Jonathan and Carrie Besler,

Dempsey Avenue

Debbie Bronfeld, Dafna Kendal

Dodds Lane

Krissi Farrimond,

Michelle Mews

Nadia Di Gregorio,

William Livingston Court

To the Editor:

Recent events have brought to light the unfortunate, prevalent, and detrimental racism that exists in our country. It is often easy to feel detached from the incidents in Ferguson, New York, and Baltimore, but the Urban Congo performance (when Princeton University athletes mocked African culture) demonstrated there is so much work to be done within our own town as well.

Groups such as Not in Our Town, on which I serve as the first youth board member, are actively fighting against racism in Princeton. Not in Our Town’s goal is “that Princeton will grow as a town where everyone is safe and respected.” I have been truly inspired by the activism of my fellow board members as they advocate for justice, equality, and peace.

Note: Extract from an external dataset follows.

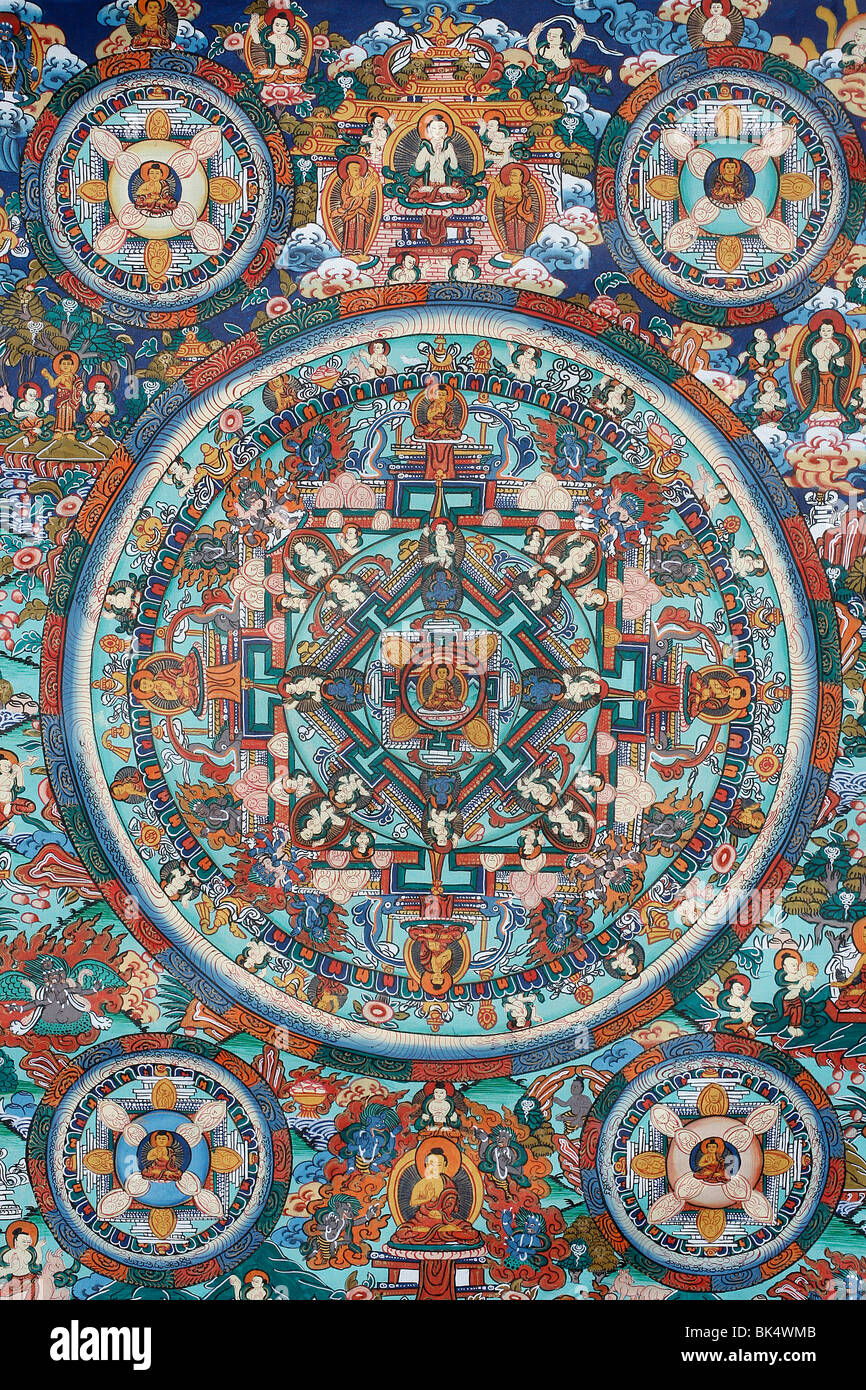 Mandala sur une thangka tibétain, Bhaktapur, Népal, Asie Banque D'Images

Redefy, the teen organization that I have founded to defy stereotypes and promote acceptance, was fortunate to work with Not in Our Town at its booth at Communiversity and in a social media campaign. Along with Princeton CHOOSE (the Princeton High School group formed to fight racism) and Not in Our Town, Redefy campaigned with the hashtag #PrincetonAgainstRacism to assert that our town will not tolerate intolerance.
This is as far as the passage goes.